◆ **TASK PROMPT**: Transcribe exactly the lines that fall between the one holding "Jugadores de la UD Oliva calentando" and the one holding "Perry küsst nach", inclusive, from the entries below.
··· INFORMATION SHOWN ···
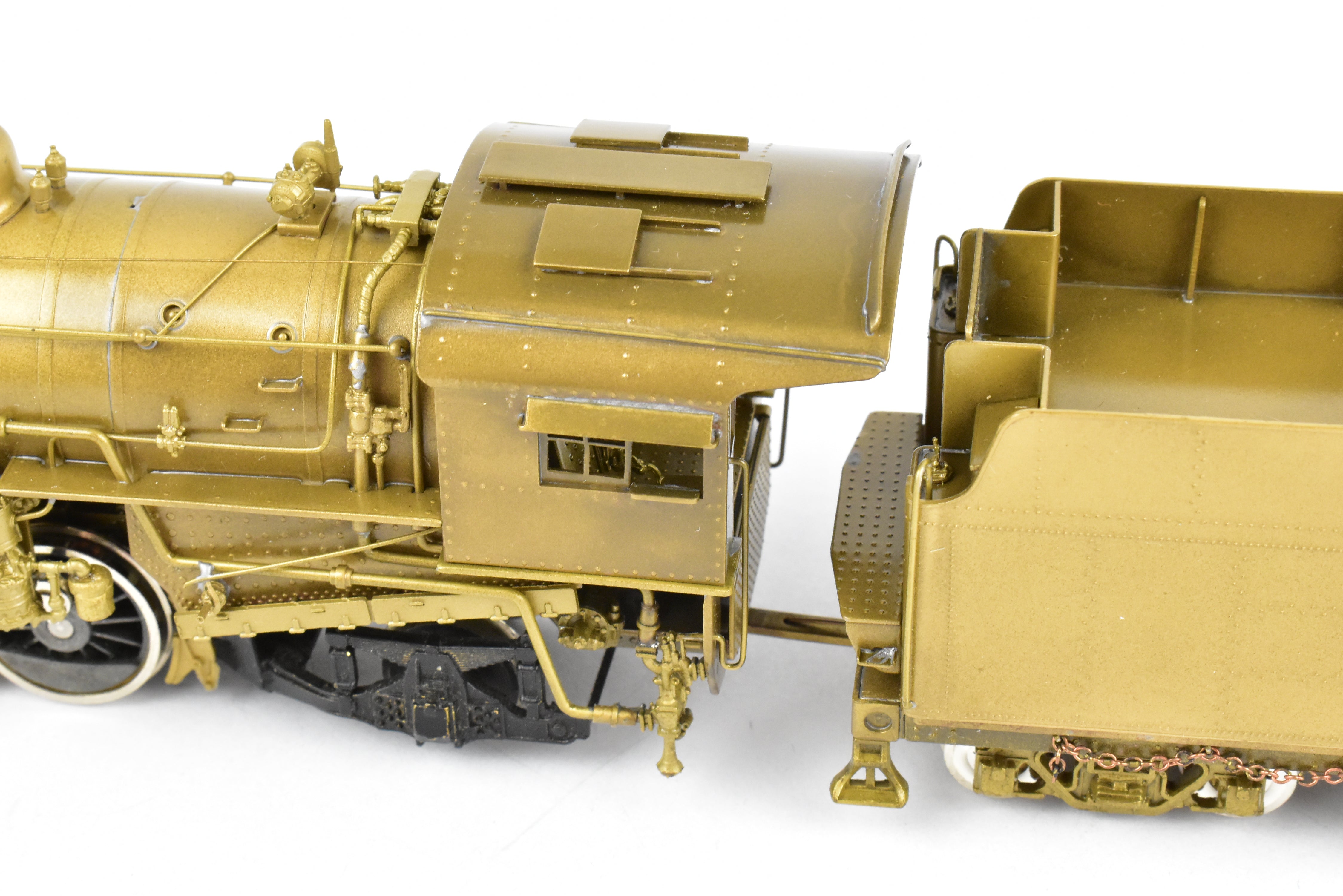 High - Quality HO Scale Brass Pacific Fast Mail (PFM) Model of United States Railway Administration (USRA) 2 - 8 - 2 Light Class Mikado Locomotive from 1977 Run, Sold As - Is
···
··· INFORMATION SHOWN ···
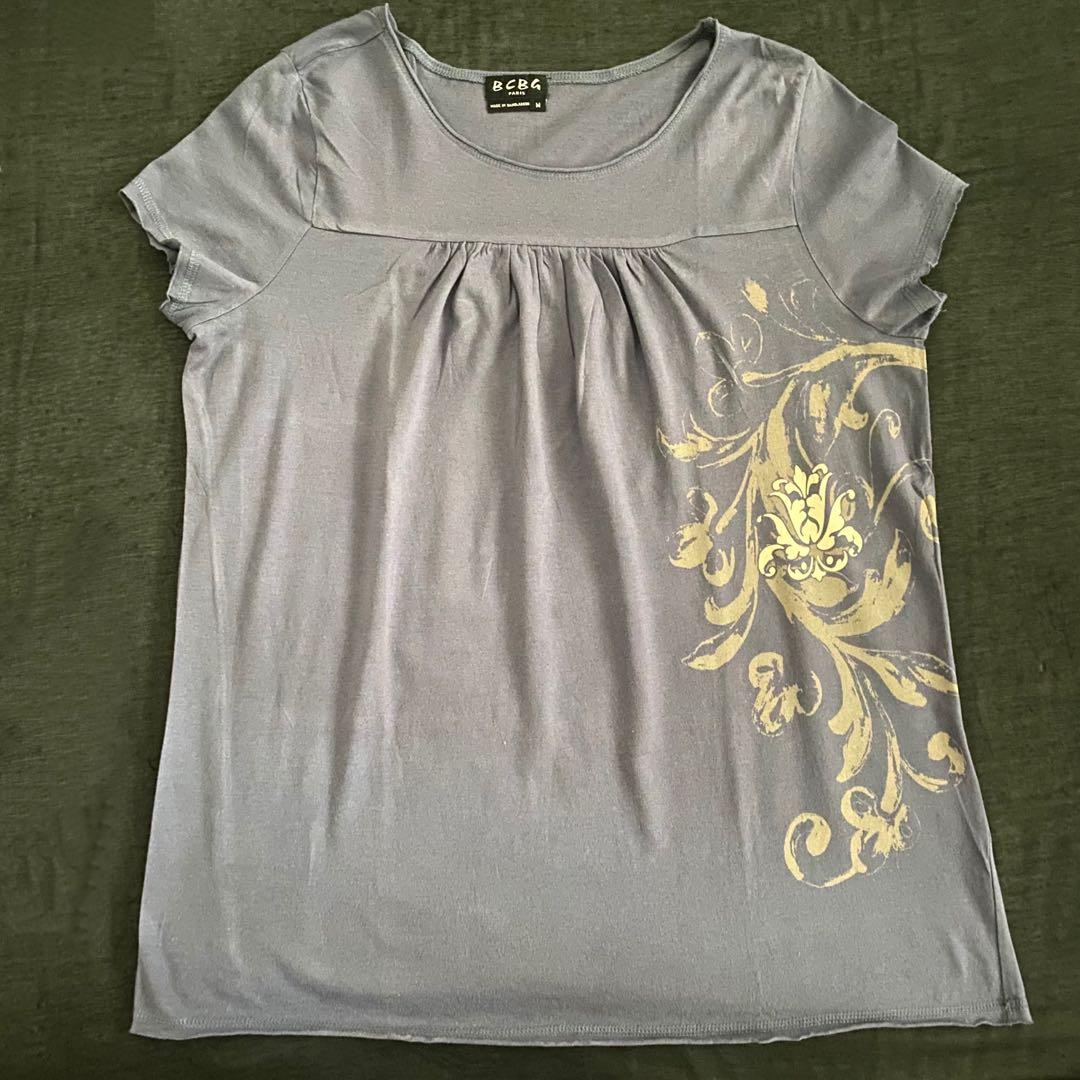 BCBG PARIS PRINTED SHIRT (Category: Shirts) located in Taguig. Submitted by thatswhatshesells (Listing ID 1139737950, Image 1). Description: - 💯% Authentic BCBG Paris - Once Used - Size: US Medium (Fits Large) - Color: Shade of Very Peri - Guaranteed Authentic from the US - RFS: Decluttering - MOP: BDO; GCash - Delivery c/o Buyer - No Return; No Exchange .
···
··· INFORMATION SHOWN ···
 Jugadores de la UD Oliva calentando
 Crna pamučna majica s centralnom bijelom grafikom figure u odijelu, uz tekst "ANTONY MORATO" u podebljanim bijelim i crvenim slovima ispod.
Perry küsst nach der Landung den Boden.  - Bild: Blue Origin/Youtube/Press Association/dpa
···
◆ **TASK RESULT**:
 Jugadores de la UD Oliva calentando
 Crna pamučna majica s centralnom bijelom grafikom figure u odijelu, uz tekst "ANTONY MORATO" u podebljanim bijelim i crvenim slovima ispod.
Perry küsst nach der Landung den Boden.  - Bild: Blue Origin/Youtube/Press Association/dpa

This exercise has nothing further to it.